What Is Remortgage Conveyancing?
Conveyancing is the legal process of transferring the mortgage charge on your property from one lender to another. When you remortgage with a new lender, the old lender's legal interest in your property needs to be removed and replaced with the new lender's interest. This is what conveyancing achieves.
A qualified solicitor or licensed conveyancer handles this process on your behalf. Their role involves:
- Verifying the property ownership and checking the title deeds
- Conducting property searches to identify potential issues
- Liaising with both the old and new lender
- Managing the flow of funds on completion day
- Registering the new mortgage charge with the Land Registry
Unlike house purchase conveyancing, remortgage conveyancing does not involve a chain of buyers and sellers. This makes it generally simpler and faster, though it still requires careful attention to legal detail.
The Conveyancing Process Step by Step
Here is what happens during remortgage conveyancing, in the order it typically unfolds:
- Instruction: Once your mortgage offer is issued, the lender instructs the conveyancer. If you are using the lender's free legal service, a panel solicitor is assigned. If you are using your own solicitor, you instruct them directly.

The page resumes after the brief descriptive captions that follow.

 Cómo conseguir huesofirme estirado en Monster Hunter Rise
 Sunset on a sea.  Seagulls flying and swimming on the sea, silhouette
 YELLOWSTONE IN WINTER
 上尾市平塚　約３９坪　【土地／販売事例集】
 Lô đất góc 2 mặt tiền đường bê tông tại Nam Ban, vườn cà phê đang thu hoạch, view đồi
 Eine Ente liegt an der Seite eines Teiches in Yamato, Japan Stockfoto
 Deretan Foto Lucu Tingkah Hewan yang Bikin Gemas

- Initial paperwork: The solicitor sends you forms to complete, including identity verification and property questionnaires. Complete and return these promptly.
- Property searches: The solicitor orders searches from the local authority, environmental agencies, and water companies. These check for planning issues, flood risk, contamination, and drainage matters.
- Title review: The solicitor obtains the title deeds from the Land Registry and checks for any issues such as restrictive covenants, rights of way, or outstanding charges.
- Redemption statement: The solicitor requests a redemption figure from your current lender — this is the exact amount needed to pay off your existing mortgage on a specific date.
- Report to lender: The solicitor prepares a report for the new lender confirming that the property and title are satisfactory and that completion can proceed.
- Completion: On the agreed date, the new lender releases the mortgage funds to the solicitor, who uses them to repay the old lender. The new mortgage charge is then registered with the Land Registry.
How Long Does Remortgage Conveyancing Take?
Remortgage conveyancing typically takes between two and four weeks, though it can be shorter or longer depending on several factors:
Factors that can speed things up:
- Quick responses from you to any queries or requests
- Clean, straightforward title with no complications
- Efficient solicitor with good systems and processes
- No issues arising from property searches
- Current lender providing the redemption statement promptly
Factors that can cause delays:
- Title issues (missing documents, unregistered alterations, restrictive covenants)
- Slow responses from the local authority on search queries
- Issues with the property (short lease, non-standard construction, planning concerns)
- Your current lender being slow to provide a redemption statement
- Incomplete or incorrect information on your forms
The conveyancing process usually runs in parallel with the lender's underwriting, so it does not always add to the total remortgage timeline. However, if conveyancing hits delays while underwriting is already complete, it can become the bottleneck.